We need to understand this growing discussion as part of a puzzle. Each piece forms its part, and together the parts become a milieu that fosters hatred against Jews in the US.
Let’s start with a video put out by Jewish Voice for Peace two years ago in which activist Linda Sarsour speaks “on antisemitism.” She claims that “the same people that hate Jews hate Muslims, they hate LGBTQ people, I mean they’re usually pretty anti-black and unconditionally pro-law enforcement, so there’s a connection among these groups of people.”
Ok, great. Good point. But she doesn’t stop there. “I want to make a distinction that while antisemitism is something that impacts Jewish Americans, it’s different than anti-black racism or Islamophobia because it’s not systemic.”
So Sarsour makes a point of first noting that Jews suffer discrimination, but then hiving them off and claiming hatred of Jews is different; it’s not even systemic.
“As a Jewish American, particularly a white Jewish American, you can still get services at a government agency.”
So she seeks to turn Jewish Americans into a separate category and also to label them “white.” Notice, in her discussions of Muslims, she doesn’t differentiate between white Muslims and black Muslims. Only Jews get the additional label “white.”
In the activism spaces that led to the rise of the Women’s March and other movements, there was an attempt to differentiate between Jews and all other American minorities, labeling Jews white.

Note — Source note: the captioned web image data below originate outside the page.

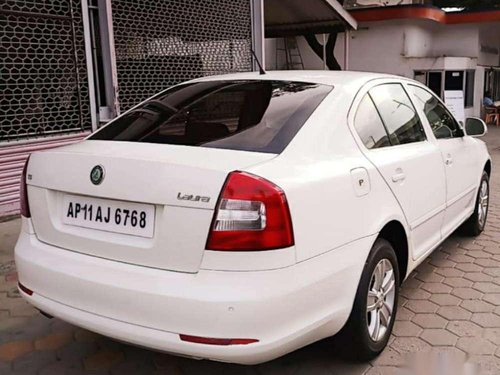 Skoda Laura Ambiente 1.8 TSI, 2010, Petrol MT in Hyderabad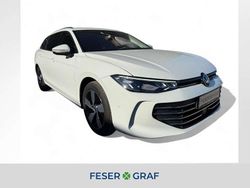Pure white Gebraucht 2024 VW Passat Business Kombi | 41.930 € (Fairer Preis)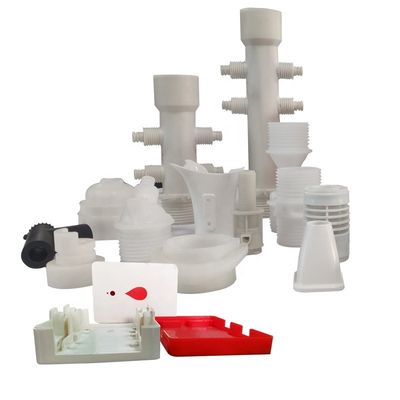 Wielofunkcyjna forma wtryskowa z tworzyw sztucznych ABS PP PA6 PA66 z formatem rysunku 2D/3D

Then we began to hear not only constituent and systemic references to Jews as “white” but accusations that Jews were responsible for the slave trade. This is a racist view that has dominated rhetoric around Nation of Islam leader Louis Farrakhan.
When confronted with these accusations, Women’s March leader Tamika Mallory responded with a new twist. “Since that conversation, we’ve all learned a lot about how, while white Jews as white people uphold white supremacy, all Jews are targeted by it.”
Much as Sarsour had sought to differentiate between Jews and other minorities and the “nonsystemic” aspect of antisemitism, Mallory was noting that not only are Jews “white” but they uphold white supremacy.
With Bernie Sanders once again running for president, we now see tweets attacking him for white supremacy. “Bernie isn’t absolved of his whiteness because of his Jewishness. He, like all white Jews, are complicit in white supremacy,” writes one woman. “Say it with me: White Jews are white, white Jews are white, white Jews are white.”
The goal now among the far-Left in America is to first label antisemitism as not systemic and to downplay it. Then it is to label Jews “white,” and then to not only accept the whispering campaign that Jews ran the slave trade but that they are responsible for upholding “white supremacy.”
This is quite convenient: to take a tiny minority group like Jews and accuse them constantly and systematically of being white supremacists. No other group gets tarred with this hatred. No one attacks Armenian candidates and accuses them of upholding white supremacy, or Beto O’Rourke, or Joe Biden. Actual white people don’t get attacked as consistently as Jews in America are attacked and labeled “white.”
Now, the third piece of the puzzle is Ilhan Omar’s recent tirades accusing Jews of disliking her because she is Muslim and attacking other members of Congress for “allegiance” to a foreign country, often alongside statements about Israel.
The trend in Omar’s tweets has been to argue that Israel “hypnotizes” America, then to claim that support for it is “all about the Benjamins” and finally to argue against the “political influence in this country that says it’s okay to push for allegiance to a foreign country.”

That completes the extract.